In order to achieve the objective of the invention, the catch or collision device provided is designed as an inflatable gas bag, which folds or rolls up in the manner of a hose in the non-activated state. The bag is housed in a slit in the front region of the circumferential rim of the open cockpit. At least one pyrotechnically operable pulling element is provided as the adjusting device. The element engages one end of the gas bag, the other end thereof being attached to the body work. An arrangement whereby the gas bag can be guided over the steering wheel into an operating position between the steering wheel and the driver when the pulling element is activated is provided as well. This layout provides a protective device whereby, in the event of a vehicle collision, an inflated gas bag is provided between the steering wheel and the driver but, unlike other vehicles, it does not have to be housed in the steering wheel itself. In its operating position, this inflated gas bag is supported, as is the case with other known airbag designs, on the steering wheel so as to protect the driver. The decisive advantage of this is the fact that the driver's hands cannot be affected at all. During the accident, the hands may remain on the steering wheel so that the vehicle driver can continue steering if necessary. This is further assisted by the fact that the size and shape of the gas bag are such that it lies underneath the driver's line of sight when in the operating position and the inflated state.

In another embodiment of the invention, the pulling element can be designed as at least one piston which can be moved inside a cylinder provided with a drive unit and which is joined to the gas bag via a cable or belt. By dint of this design, one end of the folded gas bag can be so attached to the lateral rim of the cockpit that it moves in front of the steering wheel in the operating position and can be immediately pulled into the operating position by means of its other end, which may still be located in the region of the cockpit rim in front of the steering wheel in the stand-by position, whereby the process of inflating the gas bag is not terminated until the gas bag has assumed the operating position. It is also possible to join both ends of the gas bag to a pulling member, which is linked to a piston that can be moved in a cylinder. In this case, at each of the areas where it is attached to the pulling members, the gas bag can be connected to gas generators, which can inflate it from either side.

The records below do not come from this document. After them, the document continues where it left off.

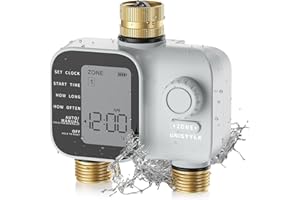 ‎UNISTYLE Unistyle Bewässerungscomputer 2 Ausgänge, Bewässerungsuhr mit Einlass und Auslass aus Industriemessing, Automatische/Manuell/Verzögerungsmodus für bewässerung, Zeitschaltuhr Wasser Garten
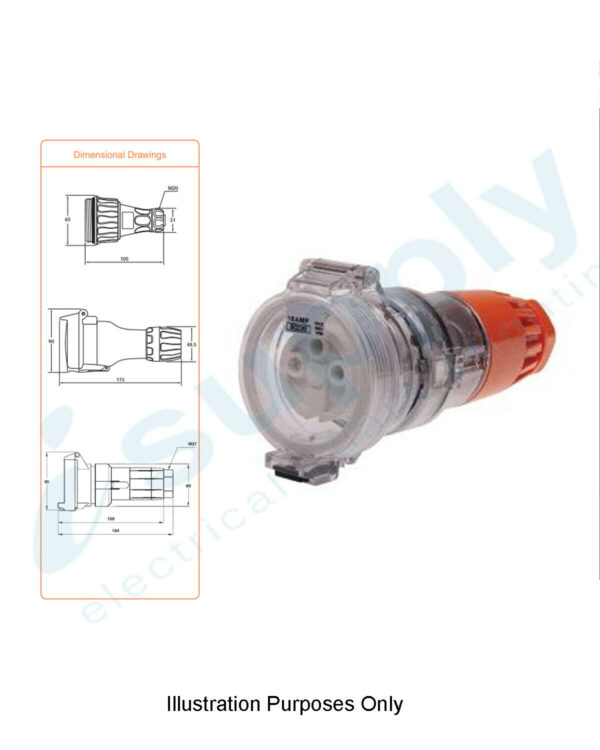 20 Amp Extension Lead: Single Phase,3 pin round 240V 10 20 30 Metres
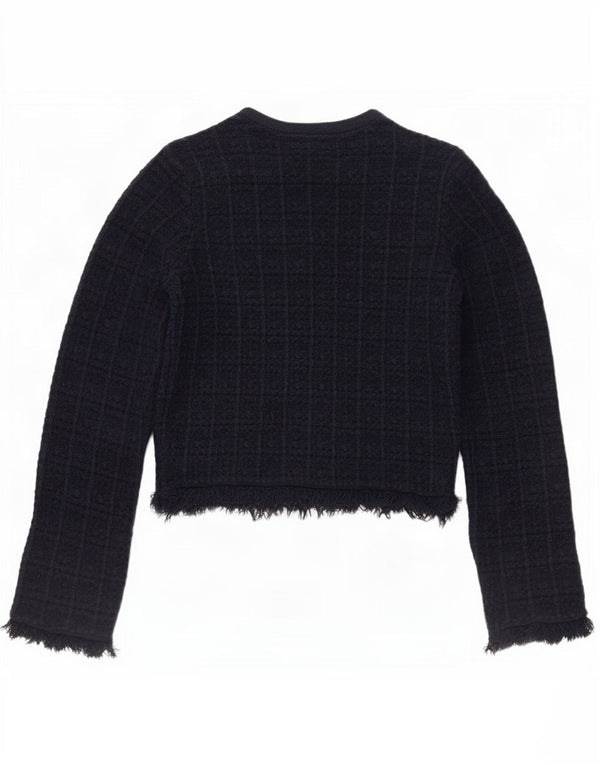 Marks & Spencer Cardigan court pour femme en coton à carreaux bleu marine UK 6 XS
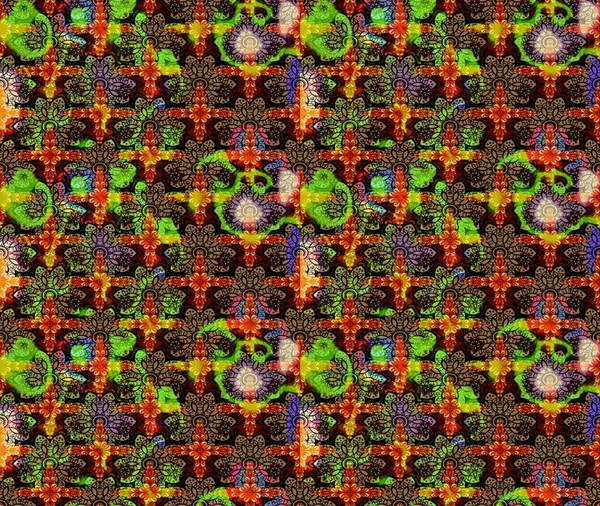 Raster illüstrasyonu. Suluboya çiçekli çiçek deseni. Siyah renkte güzel tekstil.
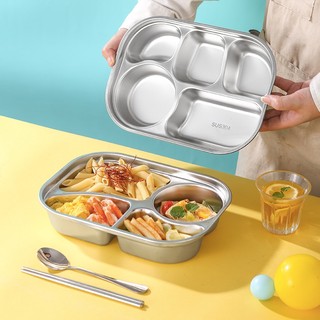 Khay cơm văn phòng Inox 304 , khay inox 304 đựng thức ăn chia ngăn kèm nắp đậy họa tiết dễ thương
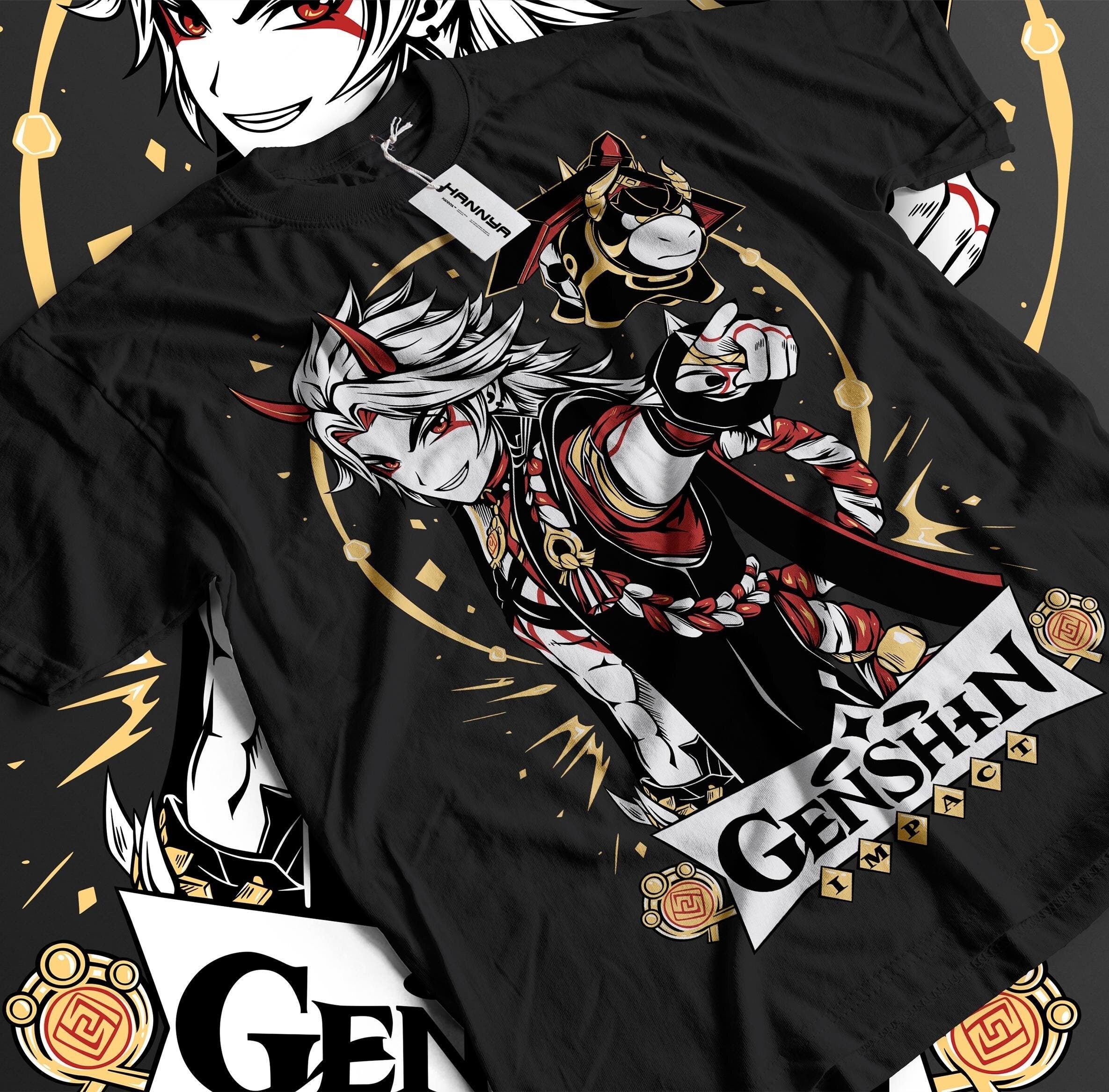 Arataki Itto Genshin Impact Japan Aesthetic Anime Japanese Vaporwave Genshin Impact Raiden Shogun Gaming T-Shirt, Anime Waifu Shirt
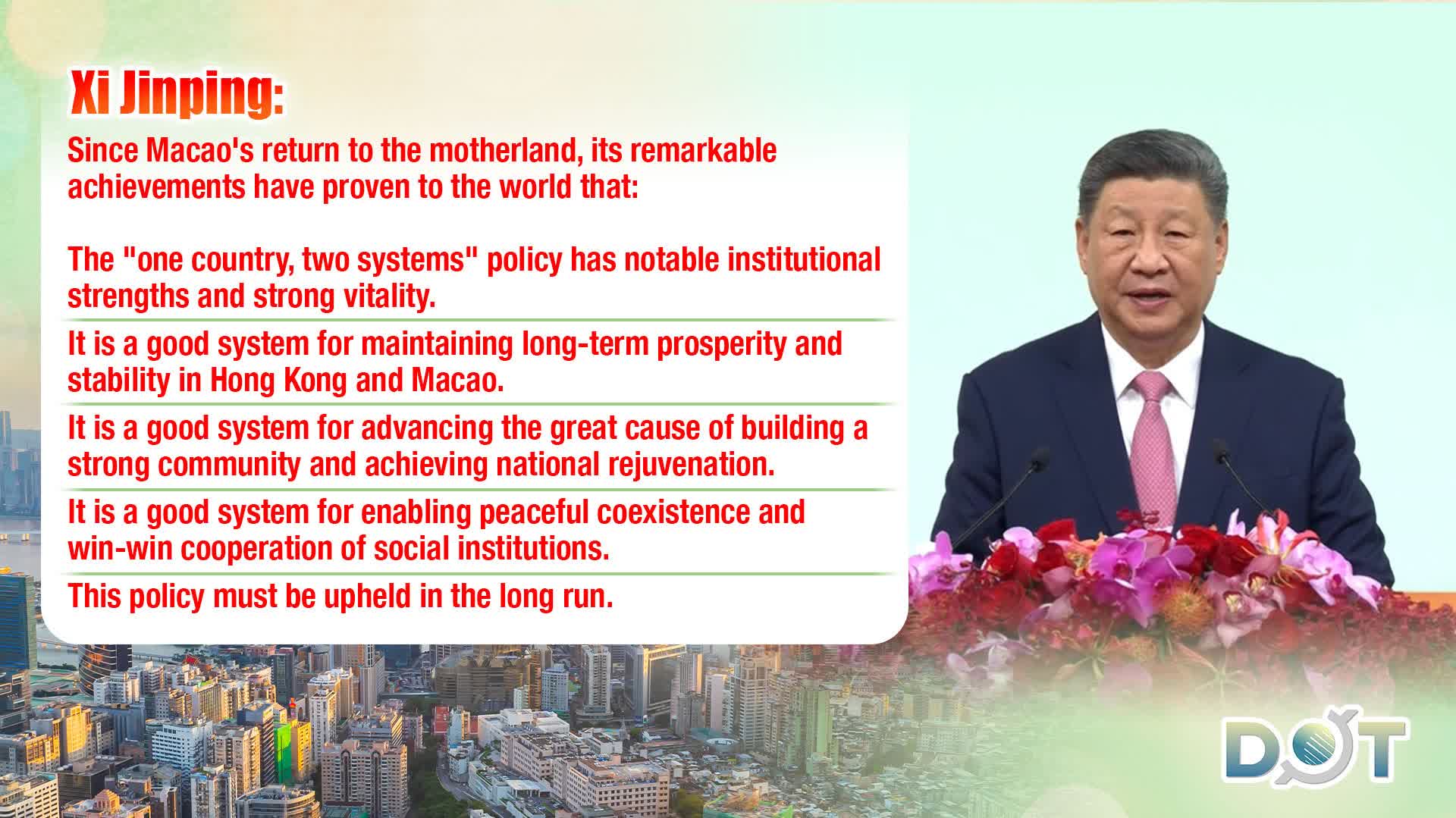 Xi says 'one country, two systems' policy must be long upheld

In another embodiment of the invention, where the upper edge of the steering wheel stands higher than the front rim of the cockpit, a guide device, e.g. a swivelling lever, can be pivotally mounted to the side of the cockpit. The lever is attached at its free end to the belt. When pivoted by its free end, the lever travels through a semi-circular path, the highest point of which is higher than the upper edge of the steering wheel. Even with cockpits/steering wheels of this design, the system allows the gas bag to be pulled above and back across the steering wheel into the desired operating position. Obviously, it is simpler if the slit on the rim of the cockpit is located at a higher level than the upper edge of the steering wheel in the first place, since this would obviate the need for a pivot-lever mechanism.

In another embodiment of the invention, the gas bag can be connected at its end facing away from the pulling element to a gas generator mounted on the vehicle to handle the inflating process. This arrangement may be such that a trigger mechanism is provided. The trigger mechanism would activate the pulling element slightly before the gas generator, so that the movement of the gas bag into its subsequent operating position will not be hampered under any circumstances by the inflating process. It is also possible to use a multi-stage operated gas generator which would ensure that the gas bag would continue to be inflated over a longer period.

Finally, the design may also be such that the gas bag is attached to the pulling element via a releasable fastening element, with which it is possible to suspend the gas bag outwards, for example for the purpose of rescuing the driver. A snap hook or possibly a pyrotechnically releasable push-button cable cap element could be used as a fastening element in such a case.

Other objects, advantages and novel features of the present invention will become apparent from the following detailed description of the invention when considered in conjunction with the accompanying drawings.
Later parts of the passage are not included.